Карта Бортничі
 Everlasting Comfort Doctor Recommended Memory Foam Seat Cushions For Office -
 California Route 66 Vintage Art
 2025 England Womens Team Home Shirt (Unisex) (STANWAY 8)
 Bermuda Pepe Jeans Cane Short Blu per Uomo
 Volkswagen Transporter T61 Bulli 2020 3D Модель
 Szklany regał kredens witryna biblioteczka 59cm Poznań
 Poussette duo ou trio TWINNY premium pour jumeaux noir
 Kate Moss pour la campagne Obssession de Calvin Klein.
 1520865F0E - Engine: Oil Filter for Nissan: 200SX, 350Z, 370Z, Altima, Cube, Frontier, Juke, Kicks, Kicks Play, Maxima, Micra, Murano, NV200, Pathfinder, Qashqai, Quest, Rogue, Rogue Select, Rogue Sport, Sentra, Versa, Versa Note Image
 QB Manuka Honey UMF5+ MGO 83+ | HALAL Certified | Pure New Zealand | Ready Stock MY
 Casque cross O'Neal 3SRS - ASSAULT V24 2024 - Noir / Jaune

--------------------------------

**Work to complete**
Set down every record above exactly as given.

**Task result**
Карта Бортничі
 Everlasting Comfort Doctor Recommended Memory Foam Seat Cushions For Office -
 California Route 66 Vintage Art
 2025 England Womens Team Home Shirt (Unisex) (STANWAY 8)
 Bermuda Pepe Jeans Cane Short Blu per Uomo
 Volkswagen Transporter T61 Bulli 2020 3D Модель
 Szklany regał kredens witryna biblioteczka 59cm Poznań
 Poussette duo ou trio TWINNY premium pour jumeaux noir
 Kate Moss pour la campagne Obssession de Calvin Klein.
 1520865F0E - Engine: Oil Filter for Nissan: 200SX, 350Z, 370Z, Altima, Cube, Frontier, Juke, Kicks, Kicks Play, Maxima, Micra, Murano, NV200, Pathfinder, Qashqai, Quest, Rogue, Rogue Select, Rogue Sport, Sentra, Versa, Versa Note Image
 QB Manuka Honey UMF5+ MGO 83+ | HALAL Certified | Pure New Zealand | Ready Stock MY
 Casque cross O'Neal 3SRS - ASSAULT V24 2024 - Noir / Jaune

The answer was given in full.